Robust optimization for HDR prostate brachytherapy applied to organ reconstruction uncertainty.

PURPOSE: Recently, we introduced a bi-objective optimization approach based on dose-volume indices to automatically create clinically good HDR prostate brachytherapy plans. To calculate dose-volume indices, a reconstruction algorithm is used to determine the 3D organ shape from 2D contours, inevitably containing settings that influence the result. We augment the optimization approach to quickly find plans that are robust to differences in 3D reconstruction. METHODS: Studied reconstruction settings were: interpolation between delineated organ contours, overlap between contours, and organ shape at the top and bottom contour. Two options for each setting yields 8 possible 3D organ reconstructions per patient, over which the robust model defines minimax optimization. For the original model, settings were based on our treatment planning system. Both models were tested on data of 26 patients and compared by re-evaluating selected optimized plans both in the original model (1 organ reconstruction, the difference determines the cost), and in the robust model (8 organ reconstructions, the difference determines the benefit). RESULTS: Robust optimization increased the run time from 3 to 6 min. The median cost for robust optimization as observed in the original model was -0.25% in the dose-volume indices with a range of [-0.01%, -1.03%]. The median benefit of robust optimization as observed in the robust model was 0.93% with a range of [0.19%, 4.16%]. For 4 patients, selected plans that appeared good when optimized in the original model, violated the clinical protocol with more than 1% when considering different settings. This was not the case for robustly optimized plans. CONCLUSIONS: Plans of high quality, irrespective of 3D organ reconstruction settings, can be obtained using our robust optimization approach. With its limited effect on total runtime, our approach therefore offers a way to account for dosimetry uncertainties that result from choices in organ reconstruction settings that is viable in clinical practice.

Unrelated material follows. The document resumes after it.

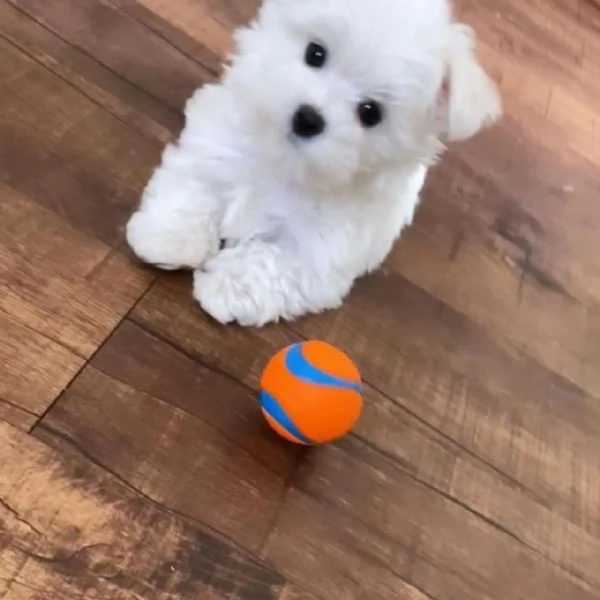 Regalo cucciolo maltese NANI maltese NANO CUCCIOLI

Bi-objective optimization of catheter positions for high-dose-rate prostate brachytherapy.

PURPOSE: Bi-objective simultaneous optimization of catheter positions and dwell times for high-dose-rate (HDR) prostate brachytherapy, based directly on dose-volume indices, has shown promising results. However, optimization with the state-of-the-art evolutionary algorithm MO-RV-GOMEA so far required several hours of runtime, and resulting catheter positions were not always clinically feasible. The aim of this study is to extend the optimization model and apply GPU parallelization to achieve clinically acceptable computation times. The resulting optimization procedure is compared with a previously introduced method based solely on geometric criteria, the adapted Centroidal Voronoi Tessellations (CVT) algorithm. METHODS: Bi-objective simultaneous optimization was performed with a GPU-parallelized version of MO-RV-GOMEA. This optimization of catheter positions and dwell times was retrospectively applied to the data of 26 patients previously treated with HDR prostate brachytherapy for 8-16 catheters (steps of 2). Optimization of catheter positions using CVT was performed in seconds, after which optimization of only the dwell times using MO-RV-GOMEA was performed in 1 min. RESULTS: Simultaneous optimization of catheter positions and dwell times using MO-RV-GOMEA was performed in 5 min. For 16 down to 8 catheters (steps of 2), MO-RV-GOMEA found plans satisfying the planning-aims for 20, 20, 18, 14, and 11 out of the 26 patients, respectively. CVT achieved this for 19, 17, 13, 9, and 2 patients, respectively. The P-value for the difference between MO-RV-GOMEA and CVT was 0.023 for 16 catheters, 0.005 for 14 catheters, and <0.001 for 12, 10, and 8 catheters. CONCLUSIONS: With bi-objective simultaneous optimization on a GPU, high-quality catheter positions can now be obtained within 5 min, which is clinically acceptable, but slower than CVT. For 16 catheters, the difference between MO-RV-GOMEA and CVT is clinically irrelevant. For 14 catheters and less, MO-RV-GOMEA outperforms CVT in finding plans satisfying all planning-aims.